From: Jan Simon on
Dear Max,

> > While renaming can be triggered to work only, if the destination does not exist, the creation/opening of a file cannot be done thread-safe, as far as I understood.
>
> That's a great idea! But did you mean that the renaming (moving) can be triggered to work only if the ORIGIN exists?

No, I meant destination.

> One could use the presence of the destination file as a break on the access of other files:
> fileattrib('test.lock','-w') % change the attribute so that if the file exists, the use of it as a destination will cause an error (status of copyfile==0). Windows platforms?
> status = copyfile('test.lock','test.lock.lock') % copy the file. if cannot - try again later

COPYFILE(Source, Dest)
Then FILEATTRIB(Source, '-w') protects the source from writing - but is this useful?
The existence of a non-protected destination file is enough to let MOVEFILE or COPYFILE return a 0.

Jan
From: Max on
Dear Jan,

> > One could use the presence of the destination file as a break on the access of other files:
> > fileattrib('test.lock','-w') % change the attribute so that if the file exists, the use of it as a destination will cause an error (status of copyfile==0). Windows platforms?
> > status = copyfile('test.lock','test.lock.lock') % copy the file. if cannot - try again later
>
> COPYFILE(Source, Dest)
> Then FILEATTRIB(Source, '-w') protects the source from writing - but is this useful?
> The existence of a non-protected destination file is enough to let MOVEFILE or COPYFILE return a 0.

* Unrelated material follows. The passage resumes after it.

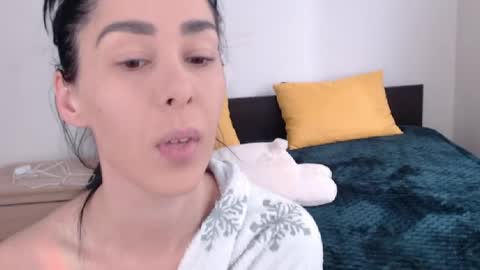 Ellis online show from 04-13-26, 06:08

No, you can try it. The attribute of the file is preserved when using "copyfile" command (at least in Linux). Thus the destination file will also be protected against copying into it, and copyfile will produce status == 1 (successful copying) only if the destination file does not exist.

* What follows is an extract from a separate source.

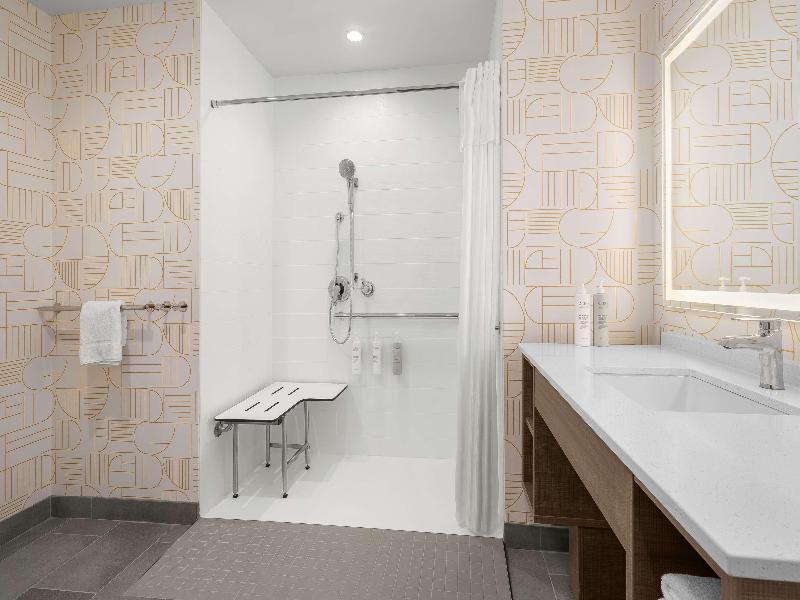 Home2 Suites By Hilton Eureka image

> > > While renaming can be triggered to work only, if the destination does not exist, the creation/opening of a file cannot be done thread-safe, as far as I understood.
> >
> > That's a great idea! But did you mean that the renaming (moving) can be triggered to work only if the ORIGIN exists?
>
> No, I meant destination.

Sorry, but then I don't get it. If the DESTINATION file (the file you copy TO) exists, but it's not set to be read-only, Matlab just copies the content of the SOURCE file into the destination file, overwriting it's content. I couldn't find a way to tell Matlab to move (or copy) the file only if the destination does not exist. On the other hand, if the ORIGIN does not exist then there is nothing to move and it will cause problems. So, the solution would look smth like this:

% try to move the file until succeed:
while ~movefile(lockSource,lockDest)
pause(.1)
end
<-- file processing -->
movefile(lockDest,lockSource) % make the lock file available for the next process

Right?

Max
From: Jan Simon on
Dear Max,

> while ~movefile(lockSource,lockDest)
> pause(.1)
> end
> <-- file processing -->
> movefile(lockDest,lockSource)
>
> Right?

Right, this works (as far as I can see).
I thought of another mechanism:
file1 = tempname; fclose(fopen(file1, 'w'));
lockfile = 'D:\Temp\locked';
while ~movefile(file1, lockfile)
pause(0.1);
end
% Now file has been moved to lockfile.
% Another instance cannot do this again:
file2 = tempname; fclose(fopen(file2, 'w'));
disp(movefile(file2, lockfile)) % *must* be 0 until:
...
delete(lockfile);
% Now other instances can move another file to lockfile.

So you toggle the name of the file, I push the file to the lock and delete it afterwards. I cannot see a strong advantage for one of the solutions.
As far as I can see both methods are robust, but in the former thread (meantioned already) it was stated, that the problem has not been solved for decades of years. What do I miss?

Jan
From: Max on
> So you toggle the name of the file, I push the file to the lock and delete it afterwards. I cannot see a strong advantage for one of the solutions.
Agree. It looks like it's mostly a matter of taste which method to use.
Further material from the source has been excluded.